Tuesday, October 15, 2013

My name is John Berry, and I have a negativity problem.

I read a really great article last night. The Onion, as part of an ongoing series on shows that lasted 100 episodes, did a profile on Homestar Runner. I loved the SBemails from the get go, and fell in love with Strongbad like everyone else did on the Internet in the early '00s, but something that caught my eye especially was this quote:

'But Homestar Runner ended up feeling very like the purest possible expression of one corner of the Internet, the one that wanted to just like stuff, instead of always feeling at a remove from it. It codified the pureness of being a little kid and falling in love with your first TV show or movie or book...'
This is exactly the same sentiment that I had in mind when I started BWP. The thought process that ran through my head when I was designing the logo, when I was writing Hulks and Horrors, and when I decided that naturally the first sourcebook for my new urban fantasy game should go back to the world of cyberpunk, one of my first loves in RPGs.

But the article ultimately comes to a conclusion I can't quite agree with, deciding that the show doesn't feel as refreshing today in 2013 as it did in those days. But the thing is, that feeling that I quoted, I think it's even more relevant right now that it ever has been: the importance of actually just enjoying things, instead of confronting everything with cynicism and criticism.

Over the last year, a lot has happened in my life. I left school. I had to move back in with family. I funded a book. I wrote that book, and I'm in the process of editing it. I emigrated to Finland. I married a Finnish woman who I love dearly. It's been a lot of change, and because of that change and the stress of all that work and the culture shock, I've spent a lot of time online because it has always been kind of a fall-back for me and it provided something like a consistent virtual home when everything else in my life has been so changeable.

But I've been getting restless with it. Frustrated. Angry. Even afraid. Most of all, though, I've just been more and more tired of it. The internet has always been a place where the disaffected vent their frustrations, but in recent times it seems like it has grown worse by orders of magnitude. As if the entire web has lost the ability to communicate in anything but a relentless torrent of hostility, cynicism, and negativity. The rough-and-tumble fun of internet discussion has given way to one battleground after another, its warriors entrenched in this or that camp and seeing anyone outside of it as nothing less than the enemy, and no battle tactic is unacceptable in assuring that enemy's utter destruction.

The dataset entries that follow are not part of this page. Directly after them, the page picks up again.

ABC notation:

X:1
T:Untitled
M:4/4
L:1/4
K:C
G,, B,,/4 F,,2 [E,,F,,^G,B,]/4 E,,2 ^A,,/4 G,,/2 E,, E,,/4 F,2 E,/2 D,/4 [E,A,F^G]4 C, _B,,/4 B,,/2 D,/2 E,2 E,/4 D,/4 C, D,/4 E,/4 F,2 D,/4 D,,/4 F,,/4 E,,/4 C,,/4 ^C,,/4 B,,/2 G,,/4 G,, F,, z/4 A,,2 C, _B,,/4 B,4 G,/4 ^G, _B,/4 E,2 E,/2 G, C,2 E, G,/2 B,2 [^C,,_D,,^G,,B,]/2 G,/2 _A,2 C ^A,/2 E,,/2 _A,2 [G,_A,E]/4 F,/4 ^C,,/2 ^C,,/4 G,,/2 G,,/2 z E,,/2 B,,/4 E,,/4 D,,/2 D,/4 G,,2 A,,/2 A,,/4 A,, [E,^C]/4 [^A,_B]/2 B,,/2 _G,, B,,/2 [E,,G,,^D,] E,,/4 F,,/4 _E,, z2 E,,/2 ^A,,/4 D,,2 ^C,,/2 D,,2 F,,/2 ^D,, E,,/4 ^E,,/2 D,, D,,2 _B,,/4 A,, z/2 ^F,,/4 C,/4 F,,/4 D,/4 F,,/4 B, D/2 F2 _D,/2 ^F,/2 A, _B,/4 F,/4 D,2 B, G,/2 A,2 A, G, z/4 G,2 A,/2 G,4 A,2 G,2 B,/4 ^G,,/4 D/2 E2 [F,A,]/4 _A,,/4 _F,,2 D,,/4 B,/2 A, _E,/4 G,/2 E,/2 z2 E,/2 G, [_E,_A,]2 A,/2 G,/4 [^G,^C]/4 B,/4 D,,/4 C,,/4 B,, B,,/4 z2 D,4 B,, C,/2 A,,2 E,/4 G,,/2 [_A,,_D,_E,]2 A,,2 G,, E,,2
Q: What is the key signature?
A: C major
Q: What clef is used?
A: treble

But here's the thing: the warzone starts with those who fight in it. And I am by no means an innocent party to that. While I've increasingly been quite publicly vocal about the ugliest side of these never-ending battles, I've had my own part to play in others. We make the environment around us in our own image, by how we choose to act and the face we project to the world, and mine has long been just as negative in many cases as those I have grown so weary of.

My name is John Berry, and I have a negativity problem.

It's time I fixed that.

Last year, Monte Cook made a pledge. For the entire month of August he vowed to abandon the negativity, to post only positive contributions to the online world. It worked out pretty well for him. I seriously considered joining him, especially after Numenera became such a flashpoint as he fell under the crosshairs of another warrior camp. For some reason, I didn't.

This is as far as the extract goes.